The moment I nearly ripped my lonely planet into tiny pieces- when we drove an entire day to the middle of nowhere to look at “famous hot springs”, the Ai-Ai's- It was the size of a child's paddling pool with a squirt of hot water. Letdown of the year.
The moment when I felt a bit breathless- when we drove from Aus to Luderitz, on an empty road through the desert, with purple mountains in the hazy horizon and wild horses grazing along the side of the road, in a fairytale setting.
The moment when I actually was breathless- when Susanne and I jumped out of an airplane in Swakopmund, into the vast desert, aiming for the circular rainbow below us.
The moment when I couldn't stop laughing- when we stayed at Quiver Tree forest in Keetmanshop, and I rode Fred on a trampoline, in a slightly timburton-ish strange spiky forest, watching a sunset so orange no photo-shopped picture could ever match it.
The oddest thing- watching sunset over the huge Fish River Canyon, drinking a glass of red wine with Hanna, and getting strangely tipsy so that we giggled the whole way to the campsite, and Rich threatened to leave us in the desert for the hyenas.
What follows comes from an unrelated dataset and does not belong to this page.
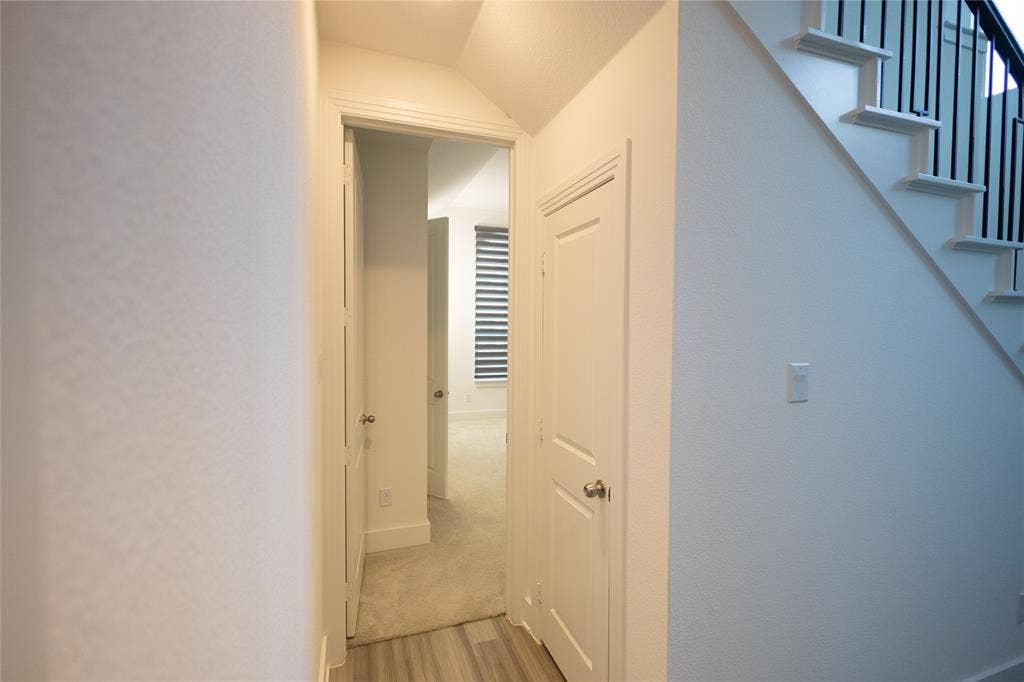 3017 Andorra Road, McKinney, TX 75071 Wood-finish flooring with white baseboards, white interior doors with satin nickel hardware, and a staircase featuring white treads and risers with black balusters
The scariest moment in Namibia- when we went to the bottle shop in Windhoek on Saturday afternoon and were told we couldn't buy beer until Monday- sales for alcohol closed at 1pm.

The last few nights have been spent in Tsumeb, eating pizza and not doing much else, and back in Usakos, where we returned the tent to Nick. Back here in Windhoek, it feels like the end of something, and a bit sad, although we are all needing our own space now, and heading to different directions- Susanne back home to Finland, Hanna to Mozambique, Rich and I to watch the Kuomboka ceremony in Zambia. But there's still time to get the inflatable giraffe drunk, one more time. There is always time to get an inflatable gay Zambian albino giraffe drunk.

Oh, and what was lost in the desert? Any desire, intention or need to go back to Europe for another 9-5 recruitment job, for over-priced flats, wineglass coasters, dinner parties, queuing, late-train announcements, high heels or office Christmas parties. And so I'm not really coming back, not really, not for longer than I have to- I want to be back in Africa by September/October, and then go somewhere else, anywhere else. It's amazing what a good sunset can do to you.